Investigation led to Gary Garrett, a retired veterinarian from Roswell who cordially invited my photographer and me to visit. We sat awhile on the wide front porch of the house Garrett’s mother, the charming Olivia Garrett, and his father built in the late 1970’s. The elder Garrett’s moved here from the Dunwoody/Sandy Springs area in 1978. They purchased 187 acres on the west side of Yellow Creek Road, fulfilling Mr. Garrett’s dream of living in the countryside. Encouraged by his father to acquire the 150 acres on the east side of the road, Gary Garrett made his purchase the same year. Until recently cattlemen leased some of the land.

After a brief oral history, Garrett invited us on a tour of the property . . . across Yellow Creek Road and time.

The Shingle House
Looking much like a barn to the casual observer, the first stop on the expedition—the Shingle House— was built around 1880 using overlapping oak shingles. According to the Cherokee County Historical Society, this structure saw service as a commissary, administrative office, post office, small stamp mill where locals could sell gold, and a hotel where dignitaries could overnight on the second floor.
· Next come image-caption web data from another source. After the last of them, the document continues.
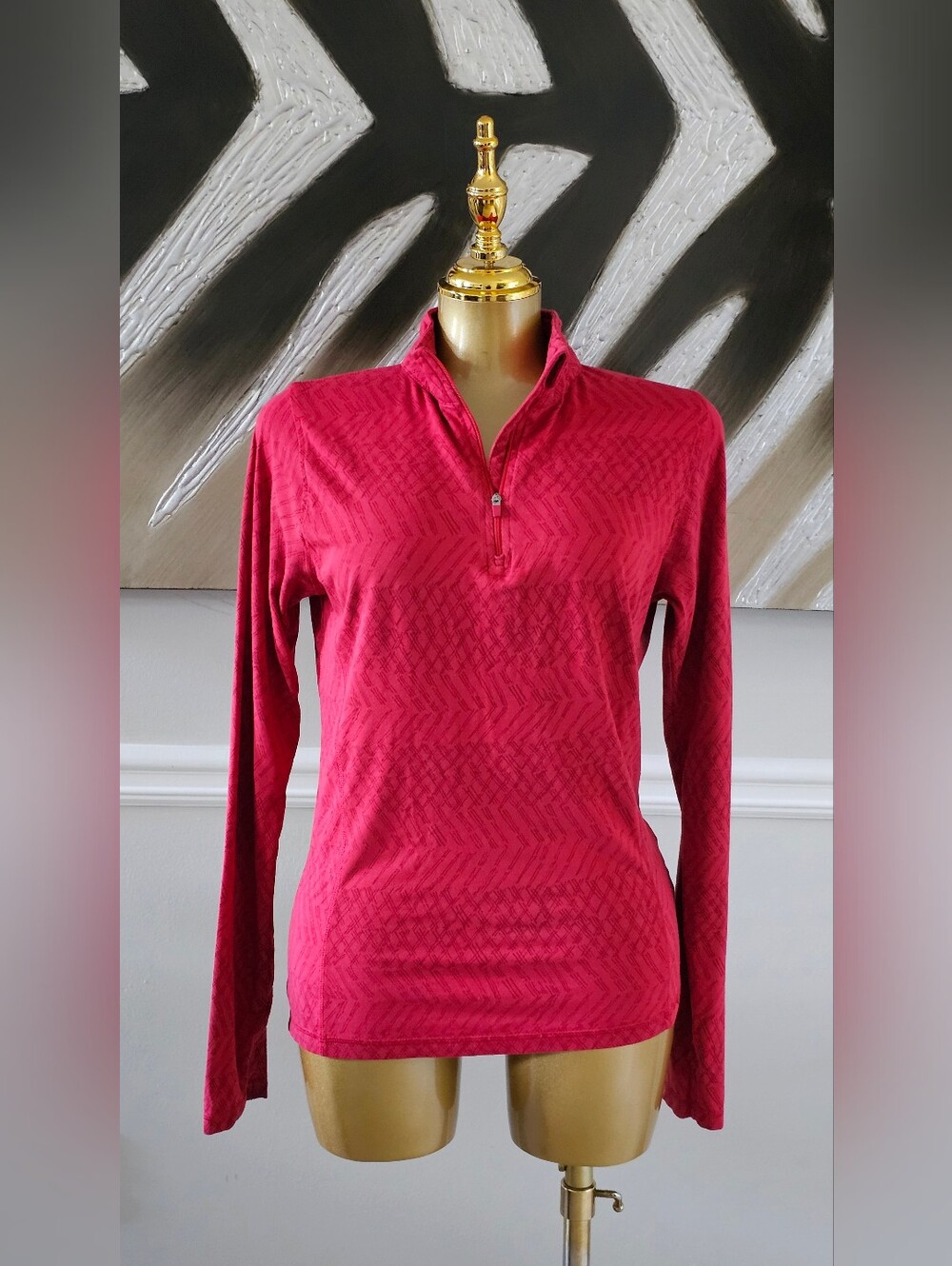Tasc Performance MOSOtech Red Quarter Zip Long Sleeve Athletic Top Size Small
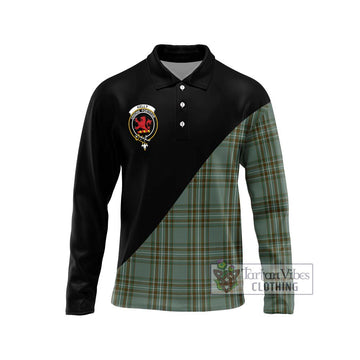 Kelly Tartan Long Sleeve Polo Shirt with Family Crest and Military Logo Style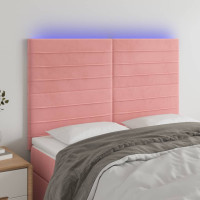 Produktbild för Sänggavel LED rosa 144x5x118/128 cm sammet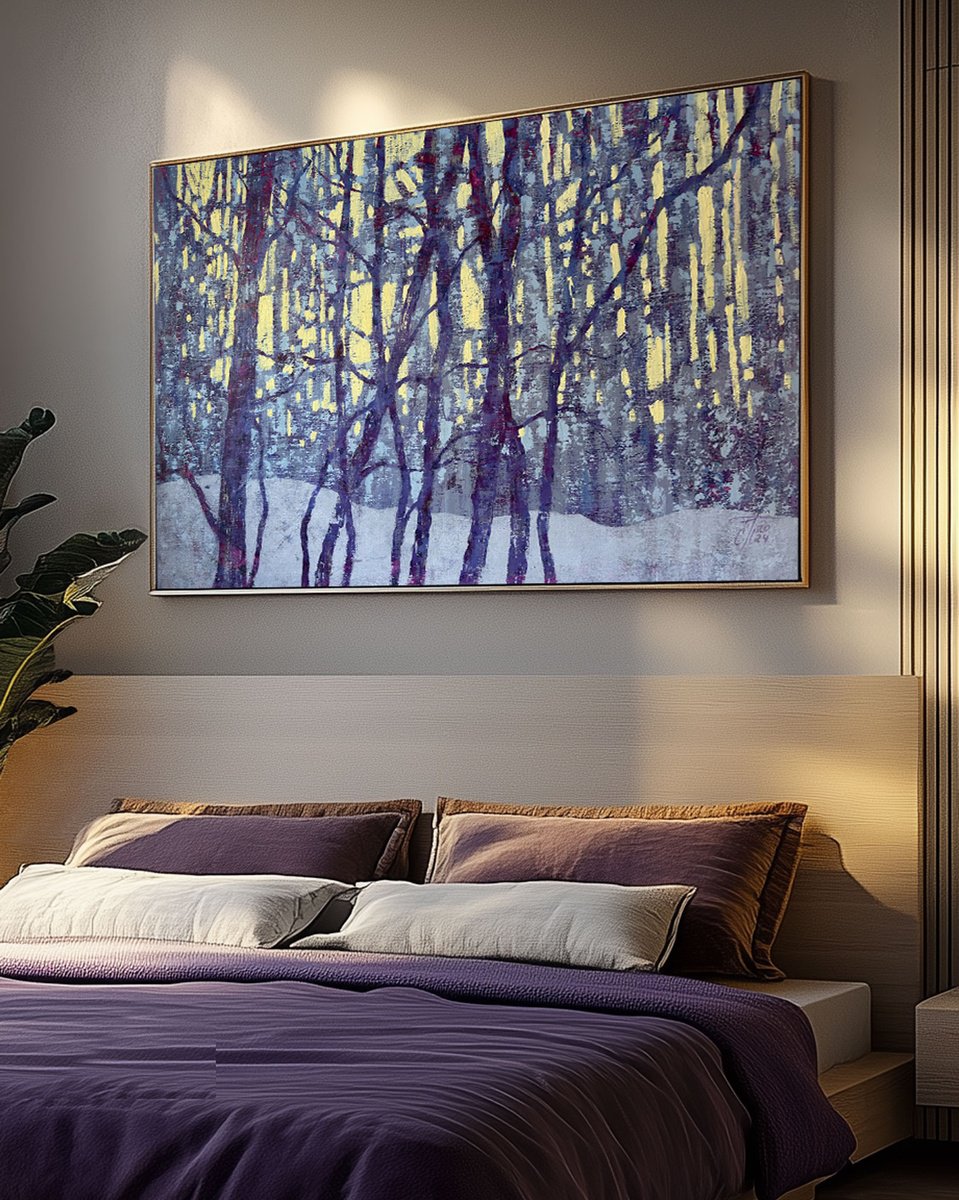 Illustrative Landscape Acrylic Painting By Ekaterina Prisich, 55 X 35, Lace Of The Evening Forest, Original Artwork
Today, it’s the only remaining building of the Creighton Gold Mine . . . but wait, I’m getting ahead of the story.

A reminder of past glories, the Shingle House, now covered with trumpet vine, sits on the east side of Yellow Creek Road. (Photo by Daniel Rosen)

The Franklin Mine
The North Georgia gold belt was believed to pass through Cherokee County in a swath ten miles wide. After the Cherokee Nation was removed to Oklahoma, lotteries were held with participants receiving either a 160-acre land lot or, alternatively, 40 acres thought to be in the gold belt. In the 1832 lottery, the widow Mary Franklin received lot #466 in the northeast part of the county. Working together with another recipient, one Mr. McDonald who later became Mrs. Franklin’s son-in-law, this mine along the Etowah River prospered. More land was added to the original grant for a total holding of 1,280 acres. 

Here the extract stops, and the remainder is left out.